Les pistes en herbe sont très larges (150 m) et sont divisées en deux virtuellement dans le sens de la longueur, une moitié pour les avions, une moitié pour les planeurs, en fonction du côté des tours de piste respectifs.

Le service AFIS est ouvert chaque jour de 09.00 à 12.00 et de 14.30 à 17.30. La fréquence est 118.45. On n’y parle français et anglais. Le service AFIS a un rôle de conseil et d’information et ses instructions n’ont aucun caractère obligatoire. Le pilote en vol reste toujours maître de ses décisions, qu’il prend et exécute sous sa propre responsabilité. Il faut savoir que le trafic radio est enregistré sur bande en permanence. Lorsque le service AFIS n’est pas opérationnel, le trafic radio s’effectue en auto-information en langue française.

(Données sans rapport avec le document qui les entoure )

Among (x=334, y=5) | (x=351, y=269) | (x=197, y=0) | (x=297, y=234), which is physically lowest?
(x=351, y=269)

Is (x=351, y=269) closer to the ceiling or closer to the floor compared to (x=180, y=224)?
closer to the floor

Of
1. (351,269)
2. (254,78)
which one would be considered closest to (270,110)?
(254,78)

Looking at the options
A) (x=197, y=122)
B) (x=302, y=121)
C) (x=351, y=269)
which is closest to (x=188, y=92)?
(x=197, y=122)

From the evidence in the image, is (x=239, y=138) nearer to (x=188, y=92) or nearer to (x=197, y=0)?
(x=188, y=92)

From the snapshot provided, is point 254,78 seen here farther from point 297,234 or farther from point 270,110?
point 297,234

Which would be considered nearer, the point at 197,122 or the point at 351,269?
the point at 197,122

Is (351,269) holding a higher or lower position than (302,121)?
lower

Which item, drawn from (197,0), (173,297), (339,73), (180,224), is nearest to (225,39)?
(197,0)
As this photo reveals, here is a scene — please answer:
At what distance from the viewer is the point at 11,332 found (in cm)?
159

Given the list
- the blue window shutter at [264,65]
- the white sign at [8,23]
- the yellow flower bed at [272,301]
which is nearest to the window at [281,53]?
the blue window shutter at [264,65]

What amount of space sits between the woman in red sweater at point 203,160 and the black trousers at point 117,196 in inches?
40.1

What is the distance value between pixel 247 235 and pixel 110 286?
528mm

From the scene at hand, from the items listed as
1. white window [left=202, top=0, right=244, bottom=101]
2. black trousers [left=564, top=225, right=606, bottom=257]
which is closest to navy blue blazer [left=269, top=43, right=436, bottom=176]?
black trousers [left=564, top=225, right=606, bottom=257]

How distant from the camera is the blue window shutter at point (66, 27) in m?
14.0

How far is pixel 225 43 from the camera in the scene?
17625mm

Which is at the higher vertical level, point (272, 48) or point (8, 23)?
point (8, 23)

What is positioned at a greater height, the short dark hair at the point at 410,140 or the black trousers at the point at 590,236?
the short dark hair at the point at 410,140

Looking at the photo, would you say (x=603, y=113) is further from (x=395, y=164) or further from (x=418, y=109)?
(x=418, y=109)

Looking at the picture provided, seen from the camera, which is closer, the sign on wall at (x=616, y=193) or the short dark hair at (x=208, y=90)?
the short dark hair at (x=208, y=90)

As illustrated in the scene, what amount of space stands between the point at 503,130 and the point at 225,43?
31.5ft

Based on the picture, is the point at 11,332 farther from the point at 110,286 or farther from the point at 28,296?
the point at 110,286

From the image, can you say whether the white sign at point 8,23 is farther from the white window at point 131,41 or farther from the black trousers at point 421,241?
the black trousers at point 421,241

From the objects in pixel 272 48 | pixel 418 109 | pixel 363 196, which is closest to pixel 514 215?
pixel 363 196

L’usage de la radio est obligatoire, en particulier pour prévenir de toutes manœuvres en dehors des tours de piste, comme par exemple un atterrissage sur une autre piste que celle utilisée par la majorité des usagers ou pour les arrivées basses. Il est de règle de s’annoncer en vent arrière, en étape de base et en finale. Le service AFIS fournit alors les indications sur la force et direction du vent.

 

2.3.2. Le vol à voile

2.3.2.1. Le starter planeurs.

Le remorquage des  planeurs sur l’aérodrome de Blois-Le Breuil est généralement assuré par l'ACBV. Il arrive cependant que des clubs visiteurs utilisent leurs propres moyens de remorquage. Une organisation du starter planeurs est donc nécessaire afin de :

- Assurer la manutention et la mise en l’air des planeurs dans des conditions de sécurité maximum.

- Assurer la séparation entre l’activité avion et l’activité vol à voile d’une part et entre planeurs et remorqueurs d’autre part.

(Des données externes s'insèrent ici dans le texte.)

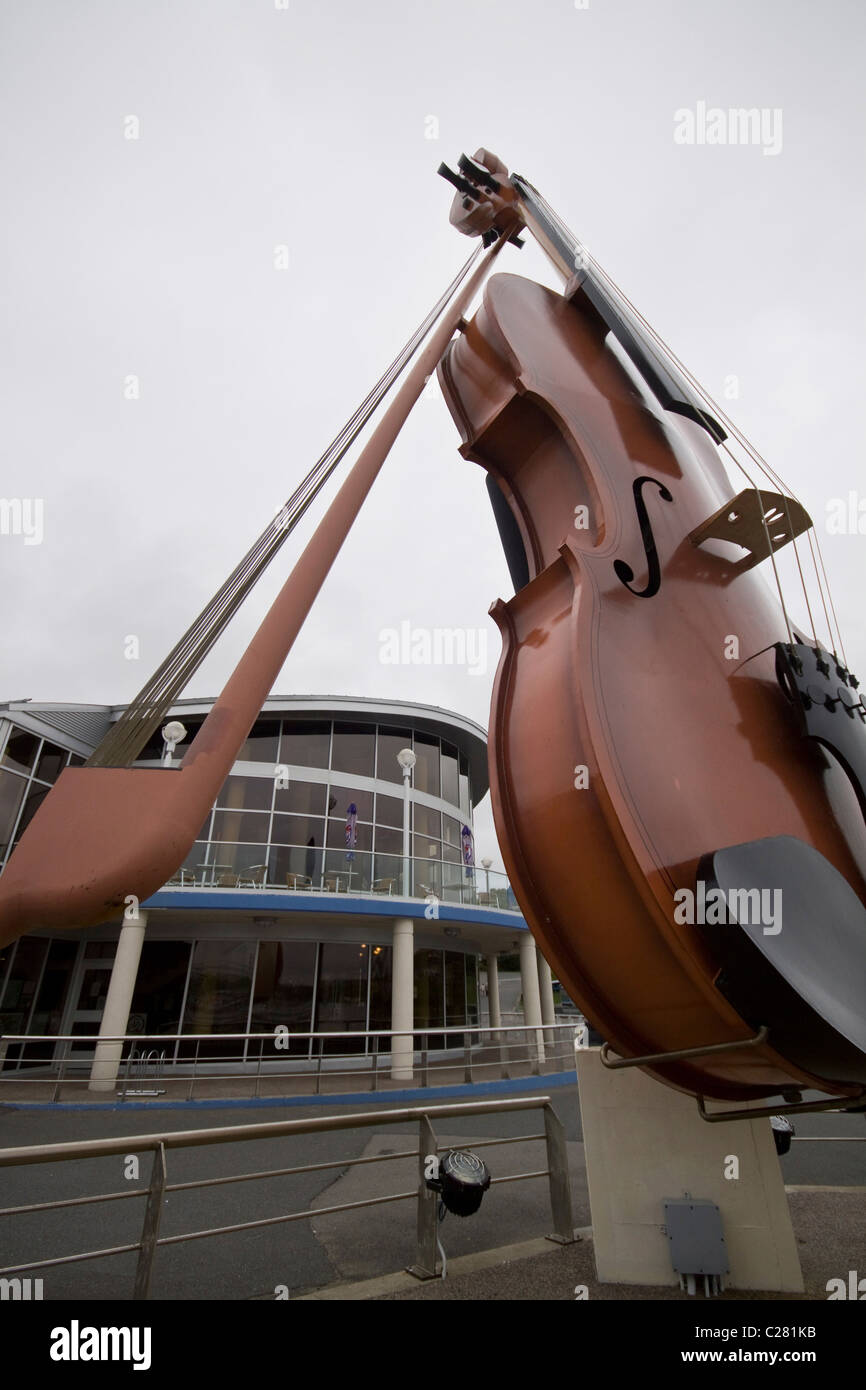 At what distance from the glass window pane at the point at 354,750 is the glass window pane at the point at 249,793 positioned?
179 centimetres

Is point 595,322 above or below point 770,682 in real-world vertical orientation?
above

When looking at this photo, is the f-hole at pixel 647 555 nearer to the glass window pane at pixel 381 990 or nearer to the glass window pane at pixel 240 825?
the glass window pane at pixel 381 990

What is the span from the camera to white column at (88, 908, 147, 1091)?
10.7 metres

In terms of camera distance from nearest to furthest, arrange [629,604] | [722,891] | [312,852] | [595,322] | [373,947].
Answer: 1. [722,891]
2. [629,604]
3. [595,322]
4. [312,852]
5. [373,947]

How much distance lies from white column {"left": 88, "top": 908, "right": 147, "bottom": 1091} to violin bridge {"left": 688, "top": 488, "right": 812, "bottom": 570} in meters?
11.1

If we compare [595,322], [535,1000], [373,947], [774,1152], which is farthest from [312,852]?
[595,322]

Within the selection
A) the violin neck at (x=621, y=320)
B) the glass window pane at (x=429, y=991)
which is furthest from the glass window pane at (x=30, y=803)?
the violin neck at (x=621, y=320)

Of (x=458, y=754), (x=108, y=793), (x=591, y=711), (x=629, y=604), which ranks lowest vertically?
(x=108, y=793)

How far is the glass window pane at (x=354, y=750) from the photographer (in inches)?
673

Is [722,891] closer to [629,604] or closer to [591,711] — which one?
[591,711]

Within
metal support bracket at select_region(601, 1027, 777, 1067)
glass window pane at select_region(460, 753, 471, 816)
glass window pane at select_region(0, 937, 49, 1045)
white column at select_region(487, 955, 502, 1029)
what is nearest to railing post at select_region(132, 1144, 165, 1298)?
metal support bracket at select_region(601, 1027, 777, 1067)

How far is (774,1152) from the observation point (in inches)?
127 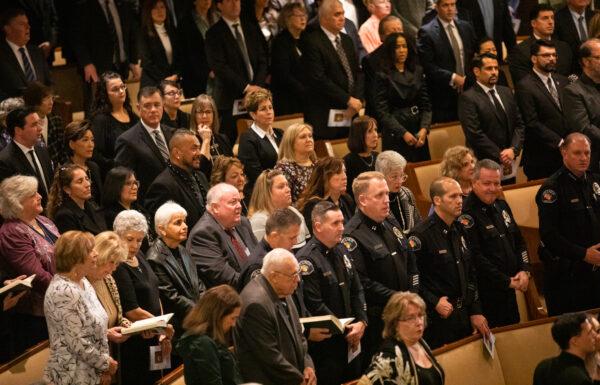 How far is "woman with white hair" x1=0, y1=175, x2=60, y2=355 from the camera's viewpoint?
552cm

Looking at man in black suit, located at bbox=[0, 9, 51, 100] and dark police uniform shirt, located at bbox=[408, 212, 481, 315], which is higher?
man in black suit, located at bbox=[0, 9, 51, 100]

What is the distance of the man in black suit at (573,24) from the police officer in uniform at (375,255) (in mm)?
3694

- Permettre une rotation rapide et sans temps morts des avions remorqueurs, dans l’intérêt des vélivoles alignés au départ et dans le respect des impératifs économiques.

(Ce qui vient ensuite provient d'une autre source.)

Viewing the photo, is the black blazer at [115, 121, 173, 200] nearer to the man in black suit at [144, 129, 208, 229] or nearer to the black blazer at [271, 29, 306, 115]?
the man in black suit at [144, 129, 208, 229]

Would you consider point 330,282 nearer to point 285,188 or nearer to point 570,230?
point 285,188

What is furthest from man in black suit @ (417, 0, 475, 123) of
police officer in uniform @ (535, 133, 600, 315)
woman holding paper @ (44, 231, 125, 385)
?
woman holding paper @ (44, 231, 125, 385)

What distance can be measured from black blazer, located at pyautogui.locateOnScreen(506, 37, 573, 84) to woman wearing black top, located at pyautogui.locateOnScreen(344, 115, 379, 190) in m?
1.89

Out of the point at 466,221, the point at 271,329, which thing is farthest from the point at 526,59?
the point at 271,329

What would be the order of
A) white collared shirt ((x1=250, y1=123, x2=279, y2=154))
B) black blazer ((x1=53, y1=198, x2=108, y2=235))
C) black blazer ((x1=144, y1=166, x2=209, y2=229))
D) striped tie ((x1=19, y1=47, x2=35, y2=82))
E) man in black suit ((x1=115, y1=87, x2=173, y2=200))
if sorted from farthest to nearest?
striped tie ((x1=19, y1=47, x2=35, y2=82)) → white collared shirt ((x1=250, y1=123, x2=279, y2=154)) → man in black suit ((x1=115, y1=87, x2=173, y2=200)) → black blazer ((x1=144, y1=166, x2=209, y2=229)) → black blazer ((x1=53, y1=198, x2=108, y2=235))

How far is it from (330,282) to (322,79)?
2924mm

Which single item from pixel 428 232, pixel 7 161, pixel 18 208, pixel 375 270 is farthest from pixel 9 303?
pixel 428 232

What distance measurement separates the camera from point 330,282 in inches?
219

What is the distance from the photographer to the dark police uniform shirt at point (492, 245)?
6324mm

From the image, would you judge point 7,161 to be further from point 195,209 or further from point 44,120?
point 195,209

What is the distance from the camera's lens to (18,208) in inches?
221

Alignement des planeurs en piste

Lorsque les planeurs sont amenés en piste (voir le plan annexe « La mise en piste ») ils ne doivent pas être alignés directement sur la piste, à moins d’un décollage immédiat, mais être déposés sur l’aire de stationnement où visites pré-vol, préparation des circuits, remplissage des ballasts du planeur, vidage des ballasts du pilote, casse-croûte etc... peuvent être effectués en toute quiétude. Les planeurs ne seront alignés sur la piste qu’une fois prêts au décollage, avec leurs pilotes respectifs présents sur place. Ceci afin d’éviter que des planeurs dont les pilotes sont à table ou à la sieste n’obstruent la ligne de départ, juste pour avoir réservé un ordre de décollage.

Deux lignes d’un maximum de 4 ou 5 planeurs doivent être formées afin d’assurer le remorquage en parallèle (pas en formation !). Ces lignes seront alimentées par l’arrière en machines provenant de l’aire de stationnement. Une distance d’environ 20 mètres sera laissée libre entre chaque file, ce afin de permettre de dégager si besoin est un planeur d’une ligne vers l’arrière sans empiéter sur l’aire d’atterrissage des remorqueurs et des planeurs. Voir à ce propos le plan annexe « Le starter planeurs ».

2.3.2.2. La procédure de décollage

L’itinéraire de mise en piste des planeurs est décrit dans le plan fourni en annexe. La traversée des piste doit s’opérer rapidement mais sans précipitation de manière à bien observer le trafic aérien, même lorsque la piste traversée n’est pas en service. Le mieux est d’utiliser une radio portable pour signaler ses intentions au service AFIS sur 118.45. En raison des distances à couvrir pour la mise en piste, l’utilisation d’une roue jockey et d’une barre de remorquage est VIVEMENT recommandée.

Les planeurs ne sont pas alignés en piste mais garés sur la touche en attendant qu’ils soient prêts au départ, ceci afin d’éviter un embouteillage de la piste avec des planeurs dont les pilotes sont partis déjeuner. Les machines sont alignées seulement dans les minutes qui précèdent le décollage.

Les avions remorqueurs atterrissent toujours avec le câble. La plupart du temps, ils procèdent de la manière suivante :

Décollage en 30 : Le remorqueur atterrit en 02 et double la file des planeurs alignés pour venir se placer directement devant le premier prêt au décollage.

Décollage en 20 : Le remorqueur atterrit en 12 et double la file de planeur de la même façon.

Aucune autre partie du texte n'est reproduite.